R. Dennis Bowers and Roger H. Folts
Neti Technologies, Inc.; Network Technologies International, Inc.; Commission on Professional and Hospital Activities; Phoenix Companies, Inc.; Lawrence B. Brilliant; Ronald D. Gregg; John L. Boyle, II; John G. Bassett and Jean Chenoweth

The opinion of the court was delivered by: GAWTHROP


 Before the court in this employment dispute is defendants' Motion for Judgment on the Pleadings in Civil Action No. 87-4679 on Behalf of Defendants Bassett, Chenoweth, Cochran, Brilliant, Gregg, Boyle, II, Network Technologies, International, Inc., National Health Forum, Inc. and NETI Technologies International, Inc. pursuant to Rules 12(b)(2) and 12(b)(6) of the Federal Rules of Civil Procedure. *fn1" Plaintiffs, Bowers and Folts, filed this action seeking recovery under the Pennsylvania Wage Payment and Collection Law (WPCL), 43 P.S. § 260.1 et seq. (Purdon Supp. 1987), of amounts allegedly due them pursuant to their employment agreements with Phoenix Companies, Inc. ("Phoenix"). Plaintiffs seek recovery under the WPCL of: (1) severance payments due in the event of breach of their employment agreements, and (2) the value of their Phoenix stock, which they had the option of selling back to Phoenix at market value upon breach of the agreements by Phoenix. Phoenix is a failed venture and cannot fund these payments, thus plaintiffs seek from other defendants the funds allegedly due from Phoenix. Defendants raise three issues: (1) Whether the severance payments and stock option payments allegedly due to plaintiffs are "wages" under the WPCL and thus compensable; (2) Whether certain individuals *fn2" (primarily directors) can be held liable as "employers" under the WPCL; and (3) Whether nonresident corporate officers *fn3" and a nonresident successor corporation *fn4" are subject to this court's personal jurisdiction. Upon consideration of the pleadings and the voluminous file in this matter, and after oral argument in open court, I grant defendants' motion in part and deny it in part, for the reasons set forth below.

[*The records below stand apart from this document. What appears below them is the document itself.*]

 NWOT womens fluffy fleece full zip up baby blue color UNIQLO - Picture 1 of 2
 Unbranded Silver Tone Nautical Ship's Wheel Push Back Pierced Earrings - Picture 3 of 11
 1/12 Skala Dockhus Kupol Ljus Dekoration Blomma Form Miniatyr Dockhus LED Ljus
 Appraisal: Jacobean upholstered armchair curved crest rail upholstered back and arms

 The Bowers Employment Agreement provides, in pertinent part, that upon termination of Bowers by Phoenix (other than for cause of by reason of death or disability):

A. COMPANY shall pay to employee as severance pay an amount equal to EMPLOYEE's annual Base Salary at the time of termination, in equal bi-monthly payments over a period not to exceed one (1) year from termination.
B. EMPLOYEE shall have the option, but shall not be required, to sell all or part of the stock then owned by him and the COMPANY shall buy such stock so offered for an amount equal to its then current value . . .

 Exhibit "B" to amended complaint, paragraph 13.

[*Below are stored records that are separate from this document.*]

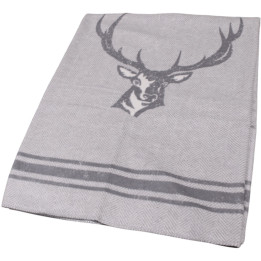 Grey stag's head flannel throw
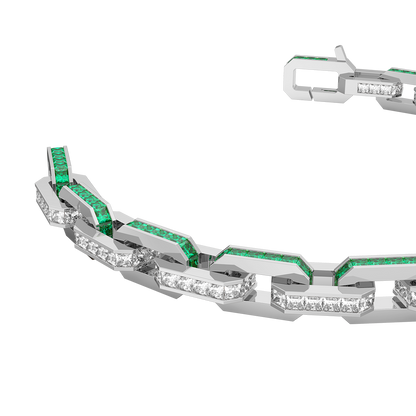 Platinum Bracelet(Colorless and Emerald)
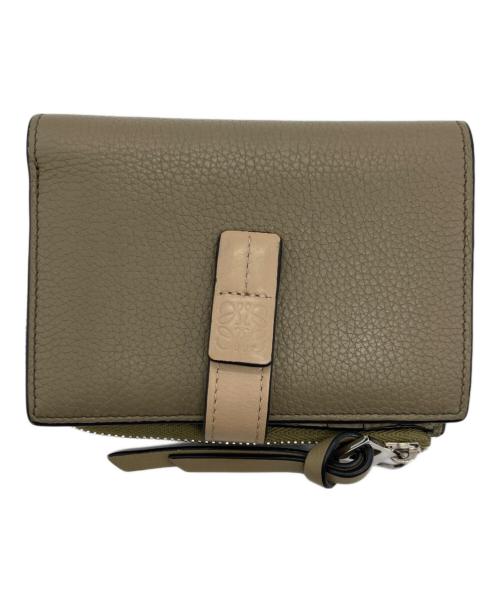 LOEWE（ロエベ）LOEWE (ロエベ) スリムジップ バイフォールド ベージュ×カーキの古着・服飾アイテム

 On March 9, 1984, Folts and Phoenix entered into an employment agreement pursuant to which Folts was employed as Chief Operating Officer of Phoenix for a term of five years at a salary of $ 90,000 per year plus certain other benefits. Complaint at paragraph 24. The language of the Folts Employment Agreement is substantially the same as the language quoted from the Bowers' Agreement. The Employment Agreements form the basis for plaintiffs' claims under the WPCL.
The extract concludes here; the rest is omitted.